The recent onslaught of computer-generated 'toons is expected to stir interest in stories over technique.
By David Germain
Associated Press
LOS ANGELES - Prancing penguins. Rascally rodents. Sociable squirrels. Saber-toothed tigers. The Hollywood hills were alive with talking critters in 2006, possibly the biggest year ever for movie animation.
With the barrage of ads for flicks about cute, fuzzy wildlife and other cartoon creations, are audiences having trouble telling one from the other, and, more important, are they getting overloaded by animation?
"There's definitely an overload, and I think everyone recognizes that," said George Miller, director of the latest animated adventure, the Warner Bros. penguin romp Happy Feet, which opened Friday and was No. 1 at the box office for the weekend.
In the decade since Disney and Pixar's Toy Story revolutionized the industry with computer-generated images instead of hand-drawn cartoons, first DreamWorks with Shrek and then other major studios leaped into the animation business.
As with the initial novelty of talking pictures nearly 80 years ago, computer animation's early appeal resulted partly from its fresh look.
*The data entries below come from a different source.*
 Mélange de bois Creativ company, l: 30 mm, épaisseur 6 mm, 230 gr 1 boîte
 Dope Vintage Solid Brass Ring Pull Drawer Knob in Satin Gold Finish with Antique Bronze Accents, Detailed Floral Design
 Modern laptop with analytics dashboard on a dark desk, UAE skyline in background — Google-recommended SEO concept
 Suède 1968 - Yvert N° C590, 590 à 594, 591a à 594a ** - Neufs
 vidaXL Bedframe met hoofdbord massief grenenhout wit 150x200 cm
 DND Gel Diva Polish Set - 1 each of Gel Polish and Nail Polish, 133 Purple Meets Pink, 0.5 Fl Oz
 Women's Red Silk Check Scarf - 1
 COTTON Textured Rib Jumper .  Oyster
Now, CGI films have become the standard, so commonplace that the story - not the style - is more crucial than ever in a movie's success or failure.
"What's happened is, no longer will people go see CG animation simply because it's CG-animated, as they did when they first saw Toy Story. Everything will have to work on its own merits," Miller said. "Sure, when The Jazz Singer came out, people turned up to see sound pictures. In a handful of years, people no longer turned up to hear movies. They just turned up to see a movie they thought was good. The same thing is happening with animation."